STATUTORY INDEXING:  
Entitlement to PIP Benefits: Arising Out of / Causation Requirement [§3105(1)]  
Exclusion for Vehicles Considered Parked [§3106(1)]  
Exception for Unreasonably Parked Vehicles [§3106(1)(a)]  
Exception for Permanently Mounted Equipment Use [§3106(1)(b)]  
Exception for Entering Into or Alighting From [§3106(1)(c)]

TOPICAL INDEXING:
Not Applicable    


CASE SUMMARY:  
In this unanimous per curiam Opinion, the Court of Appeals denied no-fault benefits to plaintiff on the basis that his injury did not arise out of the ownership, operation, maintenance or use of a motor vehicle as a motor vehicle pursuant to §3105(1) of the Act. Plaintiff in this case was building an addition to his home. During construction, he utilized a motor vehicle van as part of a makeshift scaffolding device which enabled plaintiff to reach the roof of his home. Just prior to the accident, plaintiff had stepped off the ladder and into the van where he picked up some shingles and other material and then exited the van via the passenger door. As he was doing this, he placed his boot on a piece of wood laying on the driveway and severely injured his leg.

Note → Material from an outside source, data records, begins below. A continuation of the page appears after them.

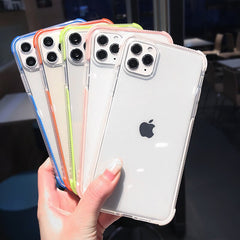 Transparent Colorful Frame Phone Case For iPhone 11 11 Pro Max X XR XS Max 8 7 6 6S Plus Soft Silicone Shockproof Bumper Cover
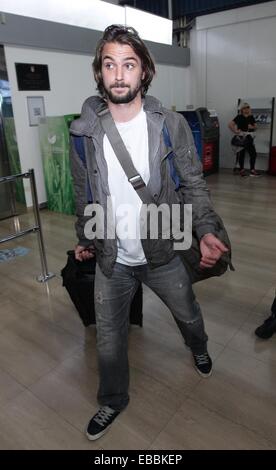 Joueur de football croate Niko Kranjcar Zrinka Cvitesic et sa petite amie à l'aéroport de Zagreb comprend : Nitko Zrinka Cvitesic,Kranjcar Où : Zagreb, Croatie Quand : 26 mai 2014 Banque D'Images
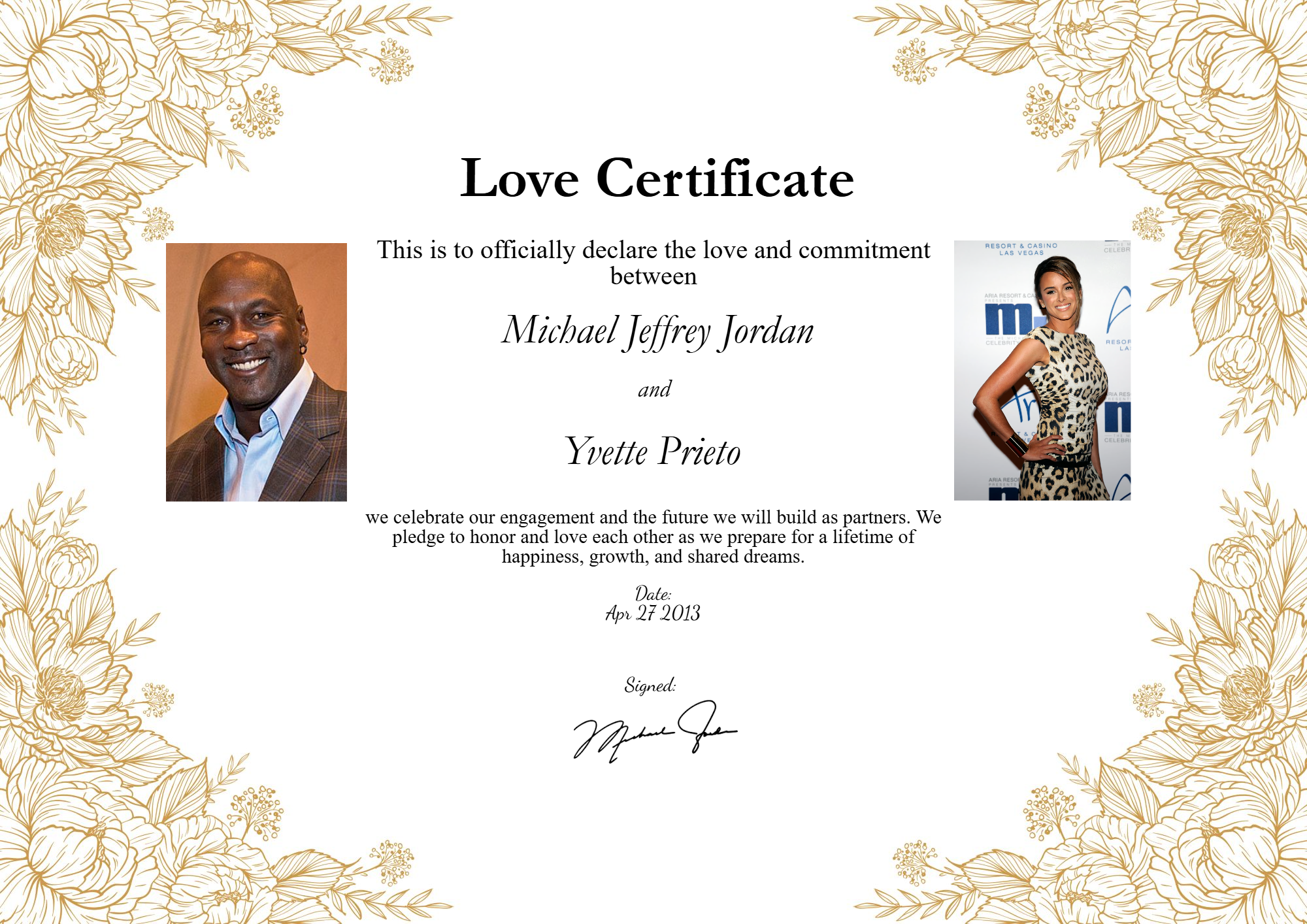 Romantic Love Certificate for Michael Jordan & Yvette Prieto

The Court of Appeals held that in order for the injury to be compensable, there must first be a sufficient causal nexus between the injury and the use of the motor vehicle as a motor vehicle pursuant to §3105(1). Assuming this exists, the injury must then fall into one of the three favored subsections of §3106 dealing with parked vehicles. The Court then analyzed each of the three parked vehicle exceptions and found none applied to this case. The Court summarily rejected plaintiff’s contentions that the injury fell under §3106(a) dealing with unreasonably parked vehicles and §3106(b) dealing with injuries arising as a result of direct physical contact with permanently mounted vehicle equipment. As to the "alighting from" exception contained in §3106(c), the Court found this to be inapplicable because plaintiff was not alighting from a vehicle that was being used as a motor vehicle at the time of the injury. Rather, the van was being used "as part of a jerry-rigged scaffold." Thus, the injury was not foreseeably identifiable with the normal use of the vehicle. The Court concluded, "Stated alternatively, the injury did not arise out of the ownership, operation, maintenance, or use of the motor vehicle as a motor vehicle. MCLA 500.3105(1)."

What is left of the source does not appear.